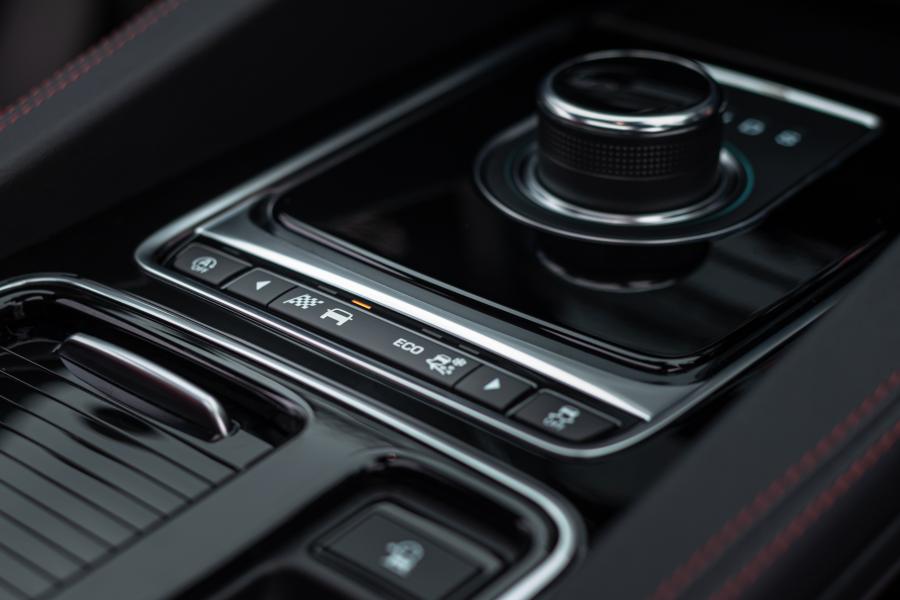 Детали интерьера Jaguar F-Pace 25d AWD Chequered Flag 2020 года  (ZA) (фото 5 из 37)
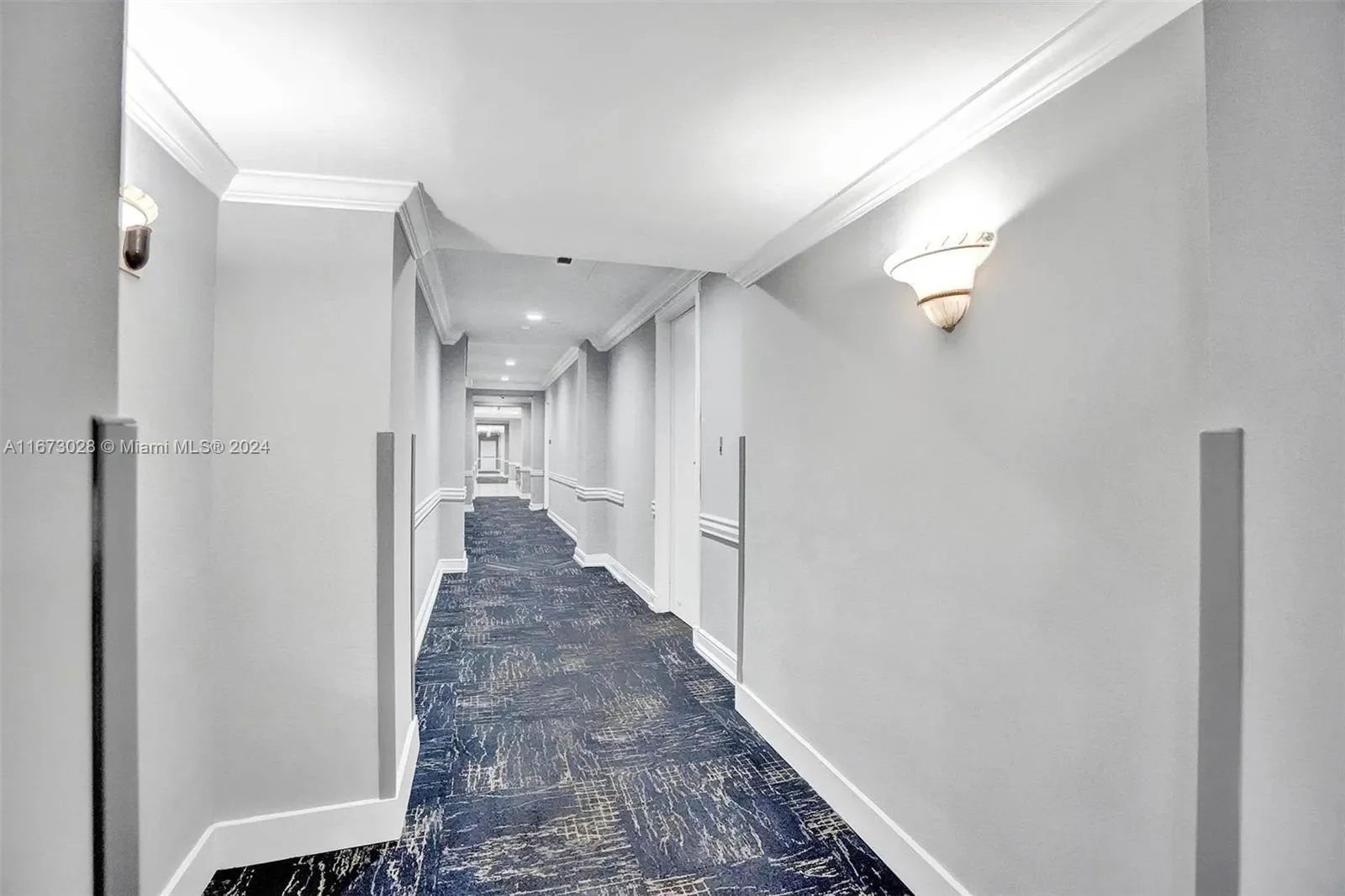 5225 Collins Ave PH7, Miami Beach, Florida, United States. - Photo 33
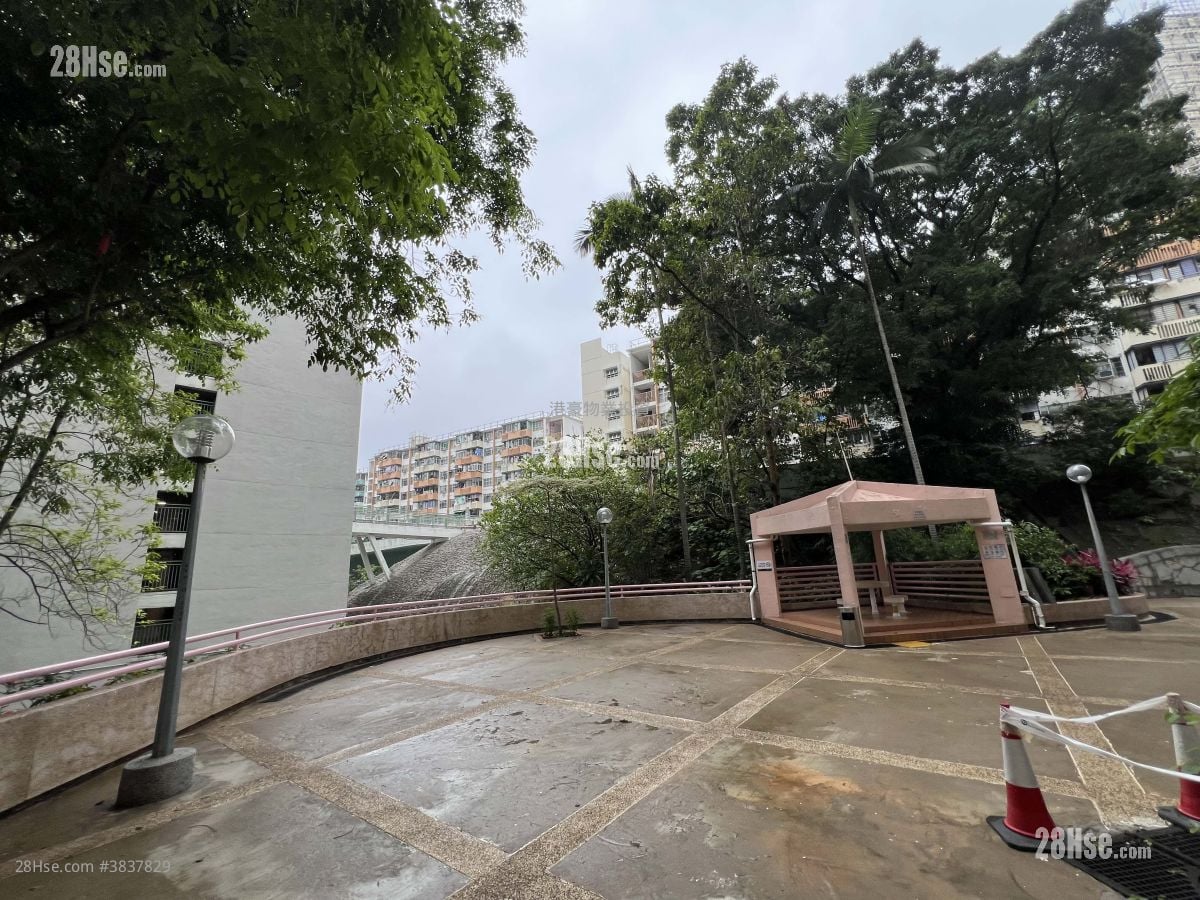 Po Pui Court Sell 3 Bedrooms , 1 Bathroom 645 ft²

DIRECTIONS FOR THIS TASK:
Top to bottom, retype the listing exactly but drop every picture.

RESPONSE FOR THIS EXERCISE:
 Детали интерьера Jaguar F-Pace 25d AWD Chequered Flag 2020 года  (ZA) (фото 5 из 37)
 5225 Collins Ave PH7, Miami Beach, Florida, United States. - Photo 33
 Po Pui Court Sell 3 Bedrooms , 1 Bathroom 645 ft²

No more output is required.